- [YOUR ASSIGNMENT]
Going line by line through the listing below, count each line that includes the word "Residential", and reply with the count only.
------ EXTRACTED DATA
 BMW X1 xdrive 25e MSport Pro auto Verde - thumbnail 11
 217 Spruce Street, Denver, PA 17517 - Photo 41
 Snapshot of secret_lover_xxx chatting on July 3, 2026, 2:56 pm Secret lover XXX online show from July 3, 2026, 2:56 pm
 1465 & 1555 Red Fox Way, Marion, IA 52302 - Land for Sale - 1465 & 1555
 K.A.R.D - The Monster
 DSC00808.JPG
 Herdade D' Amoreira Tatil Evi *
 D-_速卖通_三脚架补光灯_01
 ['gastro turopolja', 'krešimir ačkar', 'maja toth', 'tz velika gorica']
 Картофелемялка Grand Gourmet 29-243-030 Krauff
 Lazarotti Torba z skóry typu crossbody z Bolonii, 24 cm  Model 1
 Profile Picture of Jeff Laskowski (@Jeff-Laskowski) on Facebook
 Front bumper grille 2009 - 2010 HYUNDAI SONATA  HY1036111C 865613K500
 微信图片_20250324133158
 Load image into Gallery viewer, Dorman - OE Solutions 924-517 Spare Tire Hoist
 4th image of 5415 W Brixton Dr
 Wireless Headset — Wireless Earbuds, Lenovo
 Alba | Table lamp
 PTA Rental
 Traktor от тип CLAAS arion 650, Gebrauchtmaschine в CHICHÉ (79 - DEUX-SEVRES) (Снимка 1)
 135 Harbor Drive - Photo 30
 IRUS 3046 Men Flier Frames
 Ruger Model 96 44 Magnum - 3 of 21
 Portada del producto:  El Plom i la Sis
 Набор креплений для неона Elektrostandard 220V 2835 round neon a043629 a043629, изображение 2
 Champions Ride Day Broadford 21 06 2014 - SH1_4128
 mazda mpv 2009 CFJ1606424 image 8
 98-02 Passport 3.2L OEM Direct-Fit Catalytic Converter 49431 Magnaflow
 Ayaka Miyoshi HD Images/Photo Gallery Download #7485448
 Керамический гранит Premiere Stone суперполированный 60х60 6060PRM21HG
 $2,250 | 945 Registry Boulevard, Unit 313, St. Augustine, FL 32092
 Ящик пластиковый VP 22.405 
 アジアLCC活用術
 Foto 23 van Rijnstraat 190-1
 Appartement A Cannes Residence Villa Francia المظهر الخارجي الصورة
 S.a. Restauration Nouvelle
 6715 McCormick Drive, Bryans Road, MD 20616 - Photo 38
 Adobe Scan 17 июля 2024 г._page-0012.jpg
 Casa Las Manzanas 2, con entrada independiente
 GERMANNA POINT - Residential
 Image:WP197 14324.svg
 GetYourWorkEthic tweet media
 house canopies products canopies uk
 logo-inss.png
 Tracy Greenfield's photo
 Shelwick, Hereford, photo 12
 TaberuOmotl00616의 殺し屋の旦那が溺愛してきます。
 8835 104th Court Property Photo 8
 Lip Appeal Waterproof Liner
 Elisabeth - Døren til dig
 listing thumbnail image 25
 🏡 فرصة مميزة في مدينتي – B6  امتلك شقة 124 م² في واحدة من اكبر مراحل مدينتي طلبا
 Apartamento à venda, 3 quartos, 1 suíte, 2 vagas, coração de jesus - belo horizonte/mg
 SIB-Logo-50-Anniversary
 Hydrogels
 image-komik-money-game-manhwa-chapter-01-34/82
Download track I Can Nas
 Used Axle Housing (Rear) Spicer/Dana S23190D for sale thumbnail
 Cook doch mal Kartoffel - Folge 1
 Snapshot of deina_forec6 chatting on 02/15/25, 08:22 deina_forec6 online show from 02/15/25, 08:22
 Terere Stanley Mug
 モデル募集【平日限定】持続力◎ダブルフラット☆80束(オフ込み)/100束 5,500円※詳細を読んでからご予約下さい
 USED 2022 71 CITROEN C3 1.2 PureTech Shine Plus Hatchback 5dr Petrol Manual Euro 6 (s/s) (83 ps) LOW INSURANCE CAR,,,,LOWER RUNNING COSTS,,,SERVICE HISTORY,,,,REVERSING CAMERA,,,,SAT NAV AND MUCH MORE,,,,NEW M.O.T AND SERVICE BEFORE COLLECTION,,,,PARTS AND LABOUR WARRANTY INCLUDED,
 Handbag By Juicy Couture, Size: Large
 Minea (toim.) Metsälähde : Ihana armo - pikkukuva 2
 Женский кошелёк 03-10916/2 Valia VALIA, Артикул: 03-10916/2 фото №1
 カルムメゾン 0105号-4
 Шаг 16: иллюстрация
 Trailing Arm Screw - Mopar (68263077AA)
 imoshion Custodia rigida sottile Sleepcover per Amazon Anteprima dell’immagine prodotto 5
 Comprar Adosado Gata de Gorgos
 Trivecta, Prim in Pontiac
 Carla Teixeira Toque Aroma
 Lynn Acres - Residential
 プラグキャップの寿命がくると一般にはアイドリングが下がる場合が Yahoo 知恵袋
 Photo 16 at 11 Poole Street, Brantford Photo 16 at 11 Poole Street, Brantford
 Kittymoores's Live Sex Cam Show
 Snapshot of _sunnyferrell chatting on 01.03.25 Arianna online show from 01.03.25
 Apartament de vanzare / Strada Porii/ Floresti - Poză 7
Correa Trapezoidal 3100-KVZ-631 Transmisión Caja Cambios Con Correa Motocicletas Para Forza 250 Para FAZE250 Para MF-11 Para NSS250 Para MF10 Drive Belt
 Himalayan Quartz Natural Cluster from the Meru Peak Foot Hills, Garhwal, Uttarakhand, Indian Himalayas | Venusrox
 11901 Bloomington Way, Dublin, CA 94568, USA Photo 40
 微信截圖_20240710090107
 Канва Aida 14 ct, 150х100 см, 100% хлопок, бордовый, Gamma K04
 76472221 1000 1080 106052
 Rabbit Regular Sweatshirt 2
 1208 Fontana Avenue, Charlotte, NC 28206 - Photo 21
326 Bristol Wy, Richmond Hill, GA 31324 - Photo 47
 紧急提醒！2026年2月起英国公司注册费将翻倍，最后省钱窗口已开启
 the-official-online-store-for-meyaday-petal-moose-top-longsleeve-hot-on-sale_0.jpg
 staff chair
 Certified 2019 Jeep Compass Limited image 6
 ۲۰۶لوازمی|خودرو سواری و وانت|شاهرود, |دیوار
------------
- [OUTPUT BELOW]
2